## DIRECTIONS FOR THIS TASK
Begin at the line below that has "PIEGATRICE LVD3000 X 110" and stop after the line that has "180km/h speed limit". Please restate only those lines, word for word.

## DATA EXTRACT
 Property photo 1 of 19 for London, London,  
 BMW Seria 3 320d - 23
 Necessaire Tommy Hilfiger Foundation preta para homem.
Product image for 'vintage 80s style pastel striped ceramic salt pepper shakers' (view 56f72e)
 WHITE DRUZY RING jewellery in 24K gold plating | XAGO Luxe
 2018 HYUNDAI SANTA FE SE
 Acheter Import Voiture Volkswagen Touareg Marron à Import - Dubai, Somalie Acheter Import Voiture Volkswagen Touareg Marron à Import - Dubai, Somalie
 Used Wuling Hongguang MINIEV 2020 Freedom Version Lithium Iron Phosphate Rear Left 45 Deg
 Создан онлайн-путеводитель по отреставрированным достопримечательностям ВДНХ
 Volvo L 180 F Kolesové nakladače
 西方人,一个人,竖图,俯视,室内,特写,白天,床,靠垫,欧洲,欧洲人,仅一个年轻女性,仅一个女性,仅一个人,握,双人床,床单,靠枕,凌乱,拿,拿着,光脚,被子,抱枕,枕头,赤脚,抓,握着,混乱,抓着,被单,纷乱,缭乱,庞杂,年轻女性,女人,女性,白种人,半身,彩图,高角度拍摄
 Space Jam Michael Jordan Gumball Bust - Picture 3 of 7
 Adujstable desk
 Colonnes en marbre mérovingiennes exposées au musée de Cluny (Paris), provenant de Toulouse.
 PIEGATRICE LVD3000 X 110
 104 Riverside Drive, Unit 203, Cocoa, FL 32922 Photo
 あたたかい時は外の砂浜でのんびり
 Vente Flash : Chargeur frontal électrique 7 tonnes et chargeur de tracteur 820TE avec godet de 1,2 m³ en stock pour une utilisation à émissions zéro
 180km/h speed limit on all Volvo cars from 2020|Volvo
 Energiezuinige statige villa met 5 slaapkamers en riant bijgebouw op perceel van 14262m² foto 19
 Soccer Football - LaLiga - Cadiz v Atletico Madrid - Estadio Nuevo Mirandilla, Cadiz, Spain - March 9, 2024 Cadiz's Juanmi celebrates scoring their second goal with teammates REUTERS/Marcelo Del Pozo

## OUTPUT FOR THIS EXERCISE
 PIEGATRICE LVD3000 X 110
 104 Riverside Drive, Unit 203, Cocoa, FL 32922 Photo
 あたたかい時は外の砂浜でのんびり
 Vente Flash : Chargeur frontal électrique 7 tonnes et chargeur de tracteur 820TE avec godet de 1,2 m³ en stock pour une utilisation à émissions zéro
 180km/h speed limit on all Volvo cars from 2020|Volvo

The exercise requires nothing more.